Most rule execution durations fall within the first bucket (0 - 1 seconds).

A single rule with id 41893910-6bca-11eb-9e0d-85d233e3ee35 took between 30 and 31 seconds to execute.

Use the Get Rule API to retrieve additional information about rules that take a long time to execute.

Rule cannot decrypt apiKey

edit

Problem:

The rule fails to execute and has an Unable to decrypt attribute "apiKey" error.

Solution:

This error happens when the xpack.encryptedSavedObjects.encryptionKey value used to create the rule does not match the value used during rule execution. Depending on the scenario, there are different ways to solve this problem:

If the value in xpack.encryptedSavedObjects.encryptionKey was manually changed, and the previous encryption key is still known.

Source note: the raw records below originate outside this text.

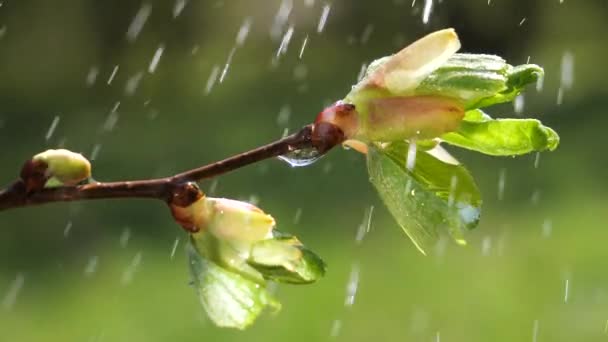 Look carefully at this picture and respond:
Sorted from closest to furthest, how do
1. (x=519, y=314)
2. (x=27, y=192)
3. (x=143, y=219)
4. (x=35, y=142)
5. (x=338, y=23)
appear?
1. (x=27, y=192)
2. (x=519, y=314)
3. (x=143, y=219)
4. (x=35, y=142)
5. (x=338, y=23)

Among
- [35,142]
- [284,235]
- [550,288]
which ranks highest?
[284,235]

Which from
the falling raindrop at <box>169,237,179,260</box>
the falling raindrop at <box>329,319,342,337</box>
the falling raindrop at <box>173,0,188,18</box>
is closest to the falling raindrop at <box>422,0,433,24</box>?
the falling raindrop at <box>173,0,188,18</box>

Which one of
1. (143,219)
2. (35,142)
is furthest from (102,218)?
(35,142)

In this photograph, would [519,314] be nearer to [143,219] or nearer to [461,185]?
[143,219]

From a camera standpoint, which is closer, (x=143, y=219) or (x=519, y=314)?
(x=519, y=314)

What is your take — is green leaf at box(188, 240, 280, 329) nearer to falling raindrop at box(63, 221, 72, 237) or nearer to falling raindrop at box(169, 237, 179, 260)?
falling raindrop at box(169, 237, 179, 260) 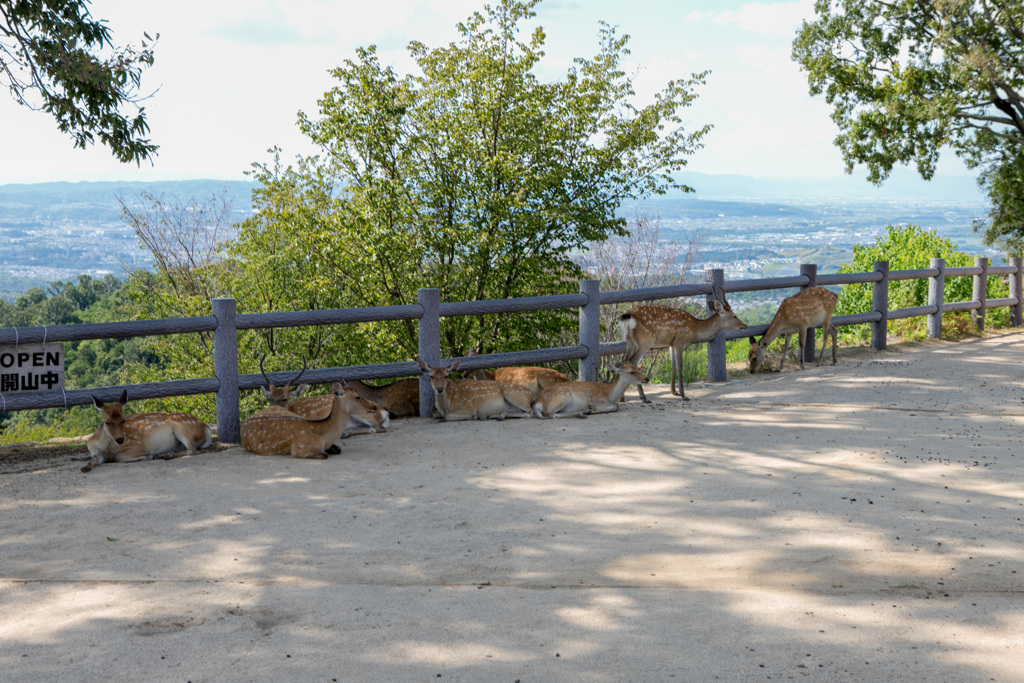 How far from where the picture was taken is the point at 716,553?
15.6ft

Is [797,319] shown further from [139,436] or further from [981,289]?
[139,436]

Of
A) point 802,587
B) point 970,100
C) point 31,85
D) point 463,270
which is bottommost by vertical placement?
point 802,587

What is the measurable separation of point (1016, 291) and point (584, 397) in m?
12.5

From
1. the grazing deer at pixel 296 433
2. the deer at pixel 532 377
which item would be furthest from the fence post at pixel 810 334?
the grazing deer at pixel 296 433

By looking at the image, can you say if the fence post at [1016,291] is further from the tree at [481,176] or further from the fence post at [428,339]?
the fence post at [428,339]

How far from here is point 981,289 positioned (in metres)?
16.3

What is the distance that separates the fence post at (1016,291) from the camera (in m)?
17.2

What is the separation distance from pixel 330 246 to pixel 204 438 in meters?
7.94

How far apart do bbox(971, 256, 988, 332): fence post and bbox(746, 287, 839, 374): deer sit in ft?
18.8

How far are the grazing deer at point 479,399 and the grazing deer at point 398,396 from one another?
1.12 ft

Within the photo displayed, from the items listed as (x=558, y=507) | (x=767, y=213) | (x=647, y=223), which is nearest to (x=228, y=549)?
(x=558, y=507)

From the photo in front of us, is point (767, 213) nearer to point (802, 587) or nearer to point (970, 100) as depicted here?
point (970, 100)

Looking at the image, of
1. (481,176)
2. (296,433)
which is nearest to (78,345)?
(481,176)

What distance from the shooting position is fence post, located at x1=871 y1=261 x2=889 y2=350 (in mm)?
13805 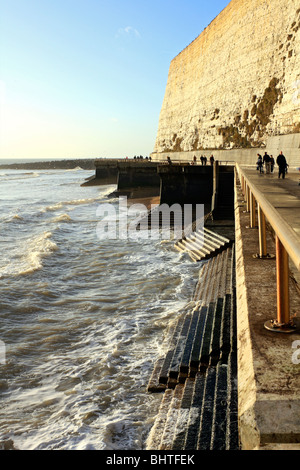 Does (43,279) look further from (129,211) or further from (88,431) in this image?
(129,211)

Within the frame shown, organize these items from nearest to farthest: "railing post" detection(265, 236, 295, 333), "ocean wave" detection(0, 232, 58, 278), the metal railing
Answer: the metal railing < "railing post" detection(265, 236, 295, 333) < "ocean wave" detection(0, 232, 58, 278)

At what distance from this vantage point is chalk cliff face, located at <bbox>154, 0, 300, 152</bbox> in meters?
25.9

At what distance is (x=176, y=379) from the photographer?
6.88 m

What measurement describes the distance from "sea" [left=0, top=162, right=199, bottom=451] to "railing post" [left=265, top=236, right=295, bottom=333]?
3064 mm

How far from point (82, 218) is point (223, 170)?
35.0 feet

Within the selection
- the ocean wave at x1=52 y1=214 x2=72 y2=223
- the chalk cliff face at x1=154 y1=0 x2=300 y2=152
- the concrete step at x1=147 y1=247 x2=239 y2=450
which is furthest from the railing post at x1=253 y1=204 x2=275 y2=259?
the ocean wave at x1=52 y1=214 x2=72 y2=223

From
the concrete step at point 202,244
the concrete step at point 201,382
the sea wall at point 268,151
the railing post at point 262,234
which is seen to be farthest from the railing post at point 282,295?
the sea wall at point 268,151

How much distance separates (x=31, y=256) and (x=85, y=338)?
8.79m

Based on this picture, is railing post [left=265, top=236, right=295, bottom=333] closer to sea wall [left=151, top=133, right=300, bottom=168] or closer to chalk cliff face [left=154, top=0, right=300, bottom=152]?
sea wall [left=151, top=133, right=300, bottom=168]

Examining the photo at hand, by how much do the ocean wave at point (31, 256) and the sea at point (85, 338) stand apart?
53 mm

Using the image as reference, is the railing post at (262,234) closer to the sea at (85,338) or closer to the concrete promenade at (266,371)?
the concrete promenade at (266,371)

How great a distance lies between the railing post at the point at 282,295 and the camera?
3281 mm

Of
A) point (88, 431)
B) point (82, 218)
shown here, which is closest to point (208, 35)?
point (82, 218)

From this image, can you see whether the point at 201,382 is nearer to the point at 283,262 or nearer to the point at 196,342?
the point at 196,342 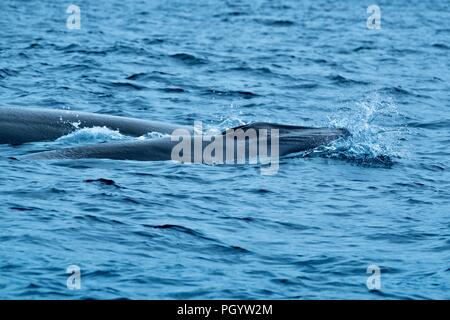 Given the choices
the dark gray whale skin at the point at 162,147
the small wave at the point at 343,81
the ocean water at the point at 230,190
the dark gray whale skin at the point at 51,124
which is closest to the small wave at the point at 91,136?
the ocean water at the point at 230,190

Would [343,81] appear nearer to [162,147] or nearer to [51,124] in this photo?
[51,124]

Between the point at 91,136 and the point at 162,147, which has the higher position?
the point at 91,136

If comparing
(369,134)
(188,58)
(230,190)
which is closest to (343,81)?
(188,58)

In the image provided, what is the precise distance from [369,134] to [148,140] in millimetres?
4286

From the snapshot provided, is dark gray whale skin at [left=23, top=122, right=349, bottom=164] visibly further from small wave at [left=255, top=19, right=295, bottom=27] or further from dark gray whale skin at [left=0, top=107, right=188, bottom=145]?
small wave at [left=255, top=19, right=295, bottom=27]

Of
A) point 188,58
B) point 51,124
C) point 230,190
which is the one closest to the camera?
point 230,190

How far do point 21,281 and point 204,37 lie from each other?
27.4m

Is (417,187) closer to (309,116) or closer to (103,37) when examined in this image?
(309,116)

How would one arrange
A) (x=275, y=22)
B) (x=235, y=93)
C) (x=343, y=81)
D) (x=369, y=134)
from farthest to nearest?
1. (x=275, y=22)
2. (x=343, y=81)
3. (x=235, y=93)
4. (x=369, y=134)

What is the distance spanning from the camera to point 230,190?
14.3m

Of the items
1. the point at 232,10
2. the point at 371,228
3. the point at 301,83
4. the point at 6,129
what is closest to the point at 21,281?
the point at 371,228

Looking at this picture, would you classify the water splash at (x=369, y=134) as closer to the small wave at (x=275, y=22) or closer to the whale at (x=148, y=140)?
the whale at (x=148, y=140)

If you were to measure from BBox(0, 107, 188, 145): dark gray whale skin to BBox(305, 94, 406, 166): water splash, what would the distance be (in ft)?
10.4

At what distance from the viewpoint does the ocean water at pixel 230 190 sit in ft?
34.4
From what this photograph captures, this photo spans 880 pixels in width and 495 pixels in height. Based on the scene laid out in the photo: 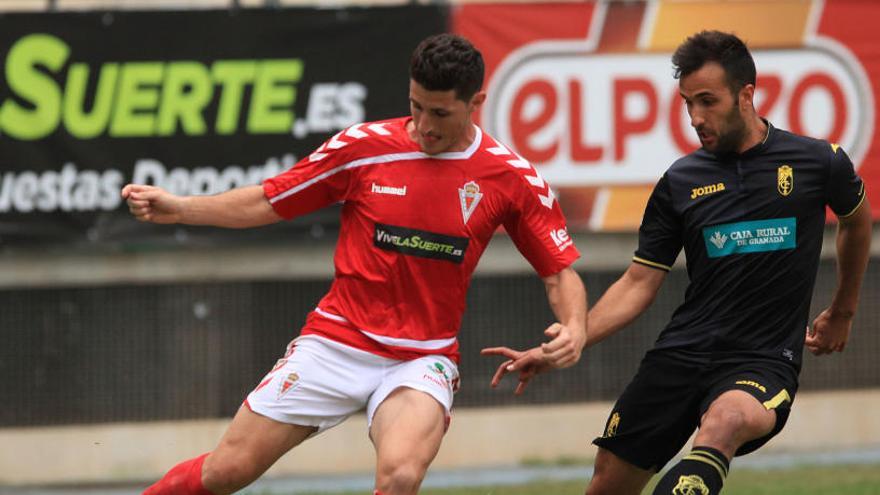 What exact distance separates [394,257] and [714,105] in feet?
4.78

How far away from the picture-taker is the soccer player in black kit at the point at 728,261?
6492 mm

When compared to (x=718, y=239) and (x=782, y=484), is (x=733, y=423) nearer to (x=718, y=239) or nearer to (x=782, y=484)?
(x=718, y=239)

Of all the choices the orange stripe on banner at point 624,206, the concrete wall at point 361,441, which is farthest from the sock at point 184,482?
the orange stripe on banner at point 624,206

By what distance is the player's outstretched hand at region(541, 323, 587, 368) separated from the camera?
6.28 m

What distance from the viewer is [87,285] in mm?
13148

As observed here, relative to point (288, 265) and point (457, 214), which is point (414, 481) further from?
point (288, 265)

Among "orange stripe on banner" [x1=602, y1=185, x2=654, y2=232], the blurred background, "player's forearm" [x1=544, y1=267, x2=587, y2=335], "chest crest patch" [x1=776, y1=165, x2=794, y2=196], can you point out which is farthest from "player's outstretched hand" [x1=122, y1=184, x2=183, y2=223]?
"orange stripe on banner" [x1=602, y1=185, x2=654, y2=232]

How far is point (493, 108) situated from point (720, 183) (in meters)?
6.26

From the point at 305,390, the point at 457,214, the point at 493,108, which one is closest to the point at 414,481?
the point at 305,390

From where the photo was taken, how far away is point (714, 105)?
255 inches

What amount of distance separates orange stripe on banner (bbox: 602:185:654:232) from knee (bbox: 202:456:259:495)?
7082mm

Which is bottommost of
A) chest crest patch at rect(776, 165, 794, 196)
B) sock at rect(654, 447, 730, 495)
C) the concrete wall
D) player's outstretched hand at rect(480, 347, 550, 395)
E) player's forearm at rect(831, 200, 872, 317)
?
the concrete wall

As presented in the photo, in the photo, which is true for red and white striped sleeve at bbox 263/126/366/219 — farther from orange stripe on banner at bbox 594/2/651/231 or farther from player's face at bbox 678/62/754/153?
orange stripe on banner at bbox 594/2/651/231

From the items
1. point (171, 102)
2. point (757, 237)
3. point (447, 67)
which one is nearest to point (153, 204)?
point (447, 67) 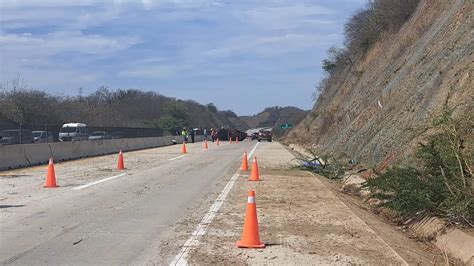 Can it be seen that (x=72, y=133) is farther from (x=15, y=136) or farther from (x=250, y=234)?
(x=250, y=234)

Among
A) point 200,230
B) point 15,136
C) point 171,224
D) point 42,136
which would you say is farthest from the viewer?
point 42,136

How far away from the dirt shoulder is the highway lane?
0.56m

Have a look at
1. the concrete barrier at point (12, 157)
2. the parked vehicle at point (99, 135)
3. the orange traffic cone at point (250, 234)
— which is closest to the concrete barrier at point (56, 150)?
the concrete barrier at point (12, 157)

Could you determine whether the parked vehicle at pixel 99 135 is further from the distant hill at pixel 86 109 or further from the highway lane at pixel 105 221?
the highway lane at pixel 105 221

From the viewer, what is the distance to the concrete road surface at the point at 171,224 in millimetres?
7489

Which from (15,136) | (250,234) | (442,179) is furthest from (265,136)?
(250,234)

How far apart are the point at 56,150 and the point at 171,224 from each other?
18.6m

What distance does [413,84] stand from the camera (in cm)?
2270

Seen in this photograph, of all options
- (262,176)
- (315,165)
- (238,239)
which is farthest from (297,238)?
(315,165)

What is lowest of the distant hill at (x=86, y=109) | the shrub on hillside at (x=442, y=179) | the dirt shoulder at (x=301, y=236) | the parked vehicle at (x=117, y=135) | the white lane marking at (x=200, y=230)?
the dirt shoulder at (x=301, y=236)

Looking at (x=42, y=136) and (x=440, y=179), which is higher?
(x=42, y=136)

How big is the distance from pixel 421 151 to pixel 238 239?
3.88 metres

Ensure any previous encryption key is included in the keys used for decryption only.

If another Kibana instance with a different encryption key connects to the cluster.

The other Kibana instance might be trying to run the rule using a different encryption key than what the rule was created with. Ensure the encryption keys among all the Kibana instances are the same, and setting decryption only keys for previously used encryption keys.

If other scenarios don’t apply.

Generate a new API key for the rule by disabling then enabling the rule.